• [Task description]:
Give the data below again exactly, and drop each picture from it.

[Captioned web image data]
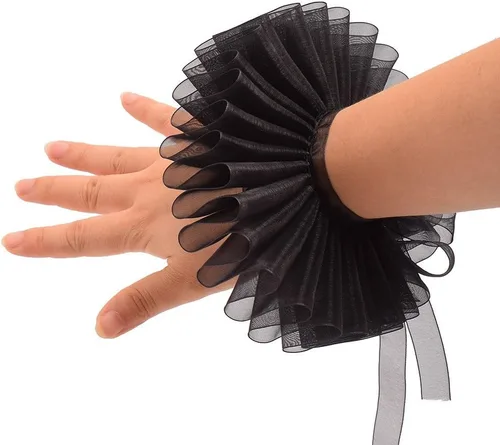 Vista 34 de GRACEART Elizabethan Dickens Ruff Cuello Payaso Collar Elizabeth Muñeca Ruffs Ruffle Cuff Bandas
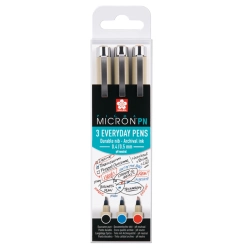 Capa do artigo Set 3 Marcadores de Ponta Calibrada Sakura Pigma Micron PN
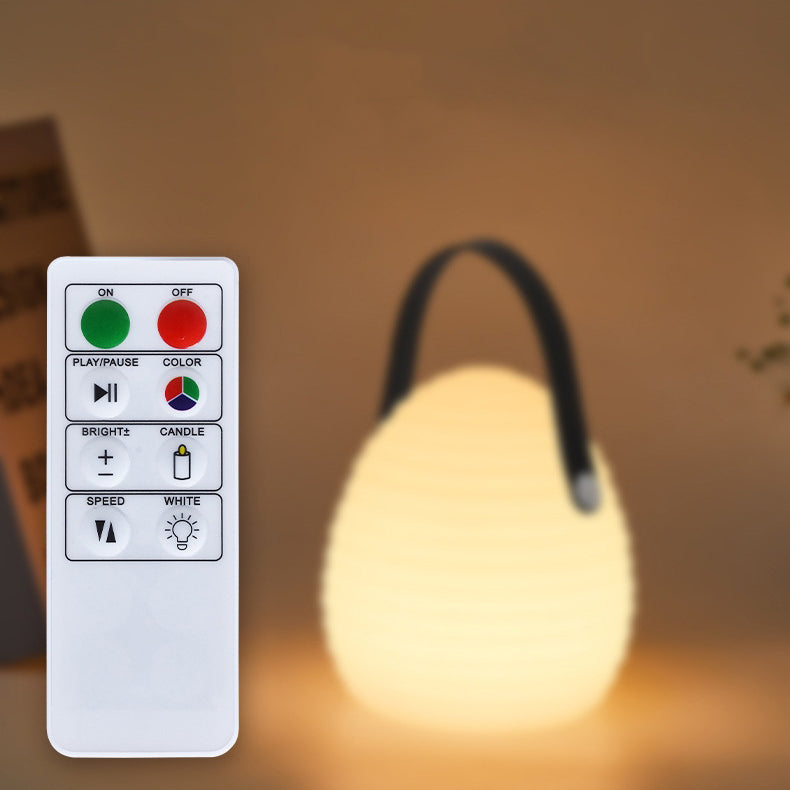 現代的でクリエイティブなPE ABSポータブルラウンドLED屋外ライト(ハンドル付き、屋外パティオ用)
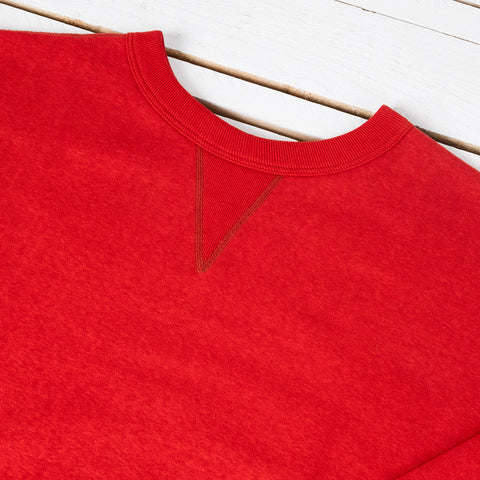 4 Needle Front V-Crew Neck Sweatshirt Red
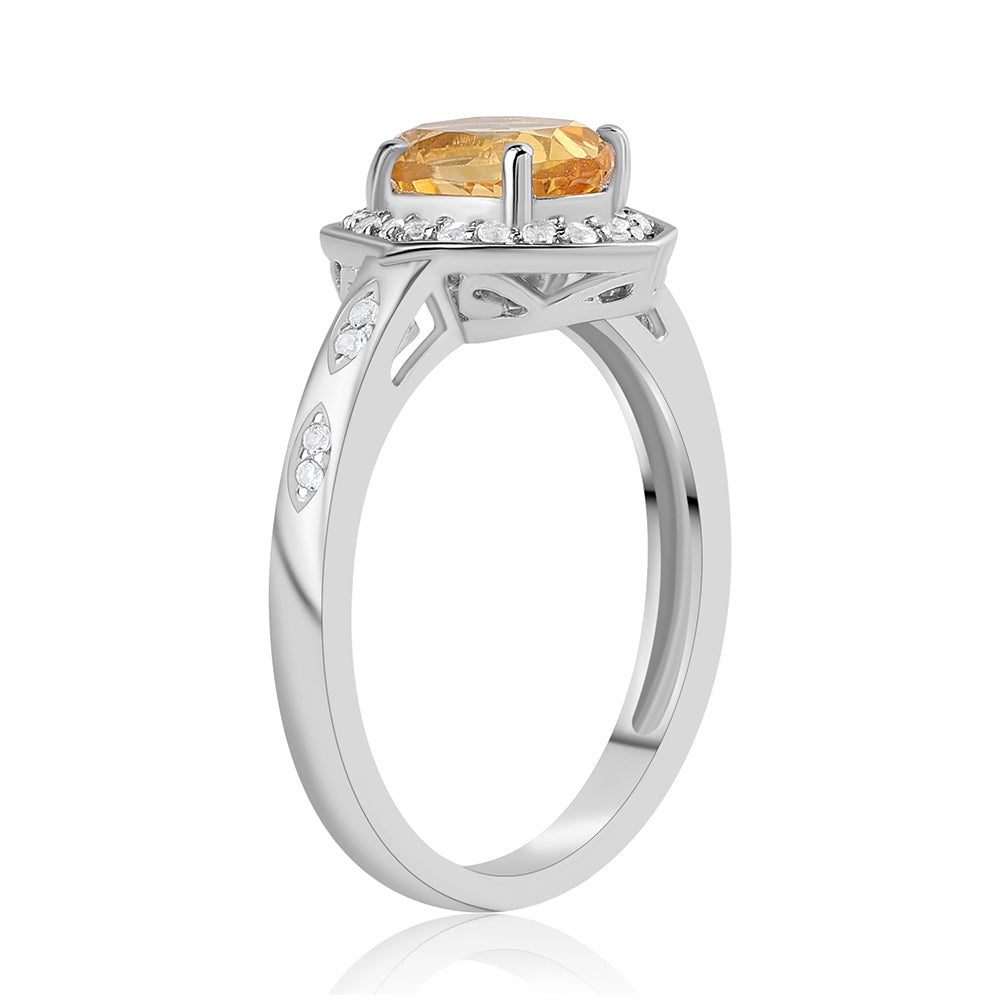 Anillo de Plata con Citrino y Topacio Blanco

• [Result below]:
 Vista 34 de GRACEART Elizabethan Dickens Ruff Cuello Payaso Collar Elizabeth Muñeca Ruffs Ruffle Cuff Bandas
 Capa do artigo Set 3 Marcadores de Ponta Calibrada Sakura Pigma Micron PN
 現代的でクリエイティブなPE ABSポータブルラウンドLED屋外ライト(ハンドル付き、屋外パティオ用)
 4 Needle Front V-Crew Neck Sweatshirt Red
 Anillo de Plata con Citrino y Topacio Blanco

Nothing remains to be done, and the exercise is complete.